H&M no Brasil: Vendas em Queda, Lucros em Alta e Expansão Estratégica
A gigante sueca de fast fashion H&M divulgou resultados mistos para o primeiro trimestre de 2024. Apesar de uma queda de 1% nas vendas líquidas em moedas locais, totalizando 49,6 bilhões de coroas suecas (aproximadamente US$ 5,3 bilhões), a empresa conseguiu um feito notável: melhorar sua rentabilidade através de um rigoroso controle de custos.
As vendas ficaram abaixo das expectativas do mercado, que previa 50,46 bilhões de coroas suecas. No entanto, o lucro operacional superou as projeções, alcançando 1,51 bilhão de coroas suecas (US$ 162 milhões). Essa performance positiva em rentabilidade é um reflexo direto das estratégias implementadas pelo novo CEO, Daniel Erver, que assumiu o comando em 2024 com a missão de estabilizar as operações da H&M.
Medidas como a redução de estoques e o aumento das vendas a preço cheio foram cruciais para impulsionar a margem operacional, que saltou de cerca de 3% em 2022 para 8% em 2025, atingindo 8,4% nos últimos doze meses. Contudo, a recuperação da H&M ainda é vista como desigual por analistas, que apontam a forte concorrência de players como Shein, Primark e Inditex, dona da Zara, cujas vendas cresceram até 9% no início do ano.
Expansão no Brasil: Um Mercado Chave para a H&M
Em meio aos desafios globais, a H&M reforça sua aposta no mercado brasileiro. O Brasil se tornou um pilar central na estratégia da empresa na América Latina. A meta de lojas no país foi elevada para 11 unidades, demonstrando um forte compromisso com o maior mercado da região.
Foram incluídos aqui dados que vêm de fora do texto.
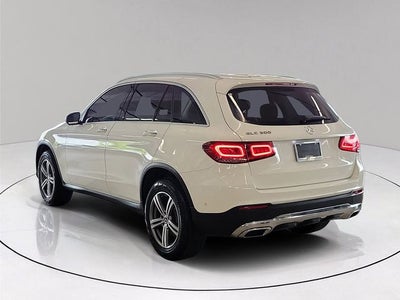 2022 Mercedes-Benz GLC GLC 300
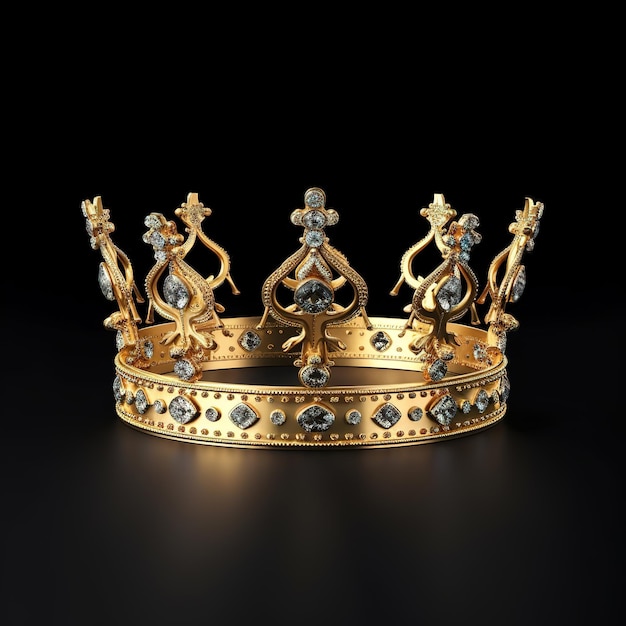 crown illustration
A operação brasileira, iniciada em 2025 com a inauguração da primeira loja em São Paulo, já conta com unidades na capital paulista e em Campinas. Para 2026, a varejista planeja a abertura de sete novas lojas, incluindo expansões no Rio de Janeiro, Rio Grande do Sul e São Paulo (Sorocaba).
A ambição da H&M é estar presente em todos os estados brasileiros até 2028, com uma média de nove novas lojas por ano. Essa expansão será acompanhada por uma estratégia de preços mais competitivos e um maior aproveitamento da produção local, buscando maior relevância e conexão com o consumidor brasileiro.
Desafios e Otimização da Rede Global
A H&M continua investindo na integração entre suas plataformas físicas e digitais, incluindo e-commerce, marketplaces e redes sociais, visando ampliar a conveniência e o engajamento dos clientes. A eficiência de estoques, historicamente um ponto de atenção, tem apresentado melhoras significativas, com níveis atuais considerados em “boa forma”.
A empresa também anunciou planos de otimização de sua rede global de lojas. Para 2026, a previsão é de abrir cerca de 80 novas unidades e fechar aproximadamente 160, em um movimento de readequação para suas 4.050 lojas existentes mundialmente. Essa gestão de rede visa otimizar a presença e a eficiência operacional.
Riscos Geopolíticos e o Impacto na Cadeia de Suprimentos
O conflito no Oriente Médio representa um risco crescente para as operações da H&M. Embora o impacto direto ainda seja limitado, um cenário prolongado pode gerar efeitos indiretos relevantes, especialmente no aumento dos preços de energia e nos custos de transporte. Essas disrupções na cadeia global de suprimentos podem gerar o chamado “efeito chicote”, amplificando pequenos problemas iniciais.
O aumento de custos pode pressionar os orçamentos dos consumidores, em um momento de inflação persistente em mercados importantes como o Reino Unido e partes da Europa. O CEO da H&M alertou que, se o conflito se estender e novas interrupções ocorrerem, o comportamento do consumidor pode ser significativamente afetado, adicionando mais uma camada de incerteza ao cenário econômico global.